Помимо этого, бросается в глаза разнообразие продемонстрированных направлений в историографии. В редакционный совет вошли и Стэнли Энгерман — представитель новой экономической истории, активно использовавший в своих работах математические методы [240], и стоящая на совершенно иных принципах работы историка Натали Земон Дэвис, основными сферами интереса которой была гендерная история и микроистория. Таким образом, как при отборе материала для перевода, так и в составе редакционного совета можно наблюдать два принципиально важных признака той модели трансляции, которая была избрана альманахом: ориентация на известных в мировой науке ученых-обществоведов и на разнообразие исследовательских подходов. Альманах претендовал на репрезентацию полной картины происходящего в экономической и социальной истории, и широкий охват историков. Ориентация на сформировавшихся и внесших заметный вклад в развитие новой социальной истории ученых должна была добавить авторитета и популярности самому альманаху, и в целом отвечала склонности постсоветских ученых к ориентации в рецепции идей и теорий на авторитеты (такие как Юрген Кокка, Жак Ле Гофф), ссылки на которых в историографии начала 1990-х годов осуществлялись чаще, нежели на более новые труды по той же тематике.

Что касается исследователей-иностранцев из данного списка, то они могут быть разделены на три разные группы — некоторые принимали самое деятельное участие в работе недавно созданного альманаха, другие — только отсылали статьи по своей теме, третьи играли роль «свадебных генералов» [241].

Теперь можно перейти к характеристике той модели трансляции, которая была избрана этим изданием. Альманах THESIS замышлялся как некая ярмарка идей, или, если принять на вооружение термин Питера Галисона, «зона обмена» (trading zone) [242]. Российские ученые, таким образом, могли присмотреться к предлагаемым теориям и отобрать то, что может пригодиться им в дальнейшей работе.

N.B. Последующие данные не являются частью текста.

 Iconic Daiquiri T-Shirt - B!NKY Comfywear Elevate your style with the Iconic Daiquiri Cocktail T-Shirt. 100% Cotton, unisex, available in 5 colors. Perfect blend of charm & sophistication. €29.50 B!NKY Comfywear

Как и любая «зона обмена», журнальное пространство должно обладать определенными качествами: гетерогенностью или же «многослойностью», то есть журнал должен репрезентировать множество разнообразных теоретических идей. Помимо плюрализма также важно отметить то, что важно наличие общего «языка», для стороны «отдающей» знание, и для стороны, которая его воспринимает. Если принять во внимание то, что само журнальное пространство было крайне узким из-за ограниченного числа номеров, то единственным путем для реализации этих двух важнейших условий могла быть интенсивная работа редакции по отбору статей.

Отбор в соответствии с условиями и целями журнала осуществлялся по трем критериям:

1) Статьи демонстрируют разные, иногда даже противоречащие подходы — теоретический плюрализм.

2) Статья должна была совмещать как новаторские идеи, так и уже хорошо известные постсоветским историкам, словом, иметь «общую почву», дабы быть воспринятыми в российской науке.

3) Статья должна обладать развитым ссылочным аппаратом, значительную часть статьи должен был занимать анализ историографии.

Первый критерий был реализован в данном альманахе в полной мере. Выражается это, прежде всего, в том, что авторами материалов в данном печатном издании становились представители самых разнообразных направлений не только в социальной истории, но и в экономике и социологии. В первом номере альманаха авторами статей в разделе «Экономическая история», были экономист Дональд Макклоски [243] и французский историк Пьер Шоню [244], представитель квантитативной истории. В разделе «Социальная история» представлены две статьи — Теодора Зелдина [245], занимавшегося историей эмоций, и Райнхардта Зидера [246], основной темой статьи которого была история семьи. Если посмотреть на остальные номера, то на их страницах мы найдем совершенно различные направления: от Begriffgeschichte до гендерной истории.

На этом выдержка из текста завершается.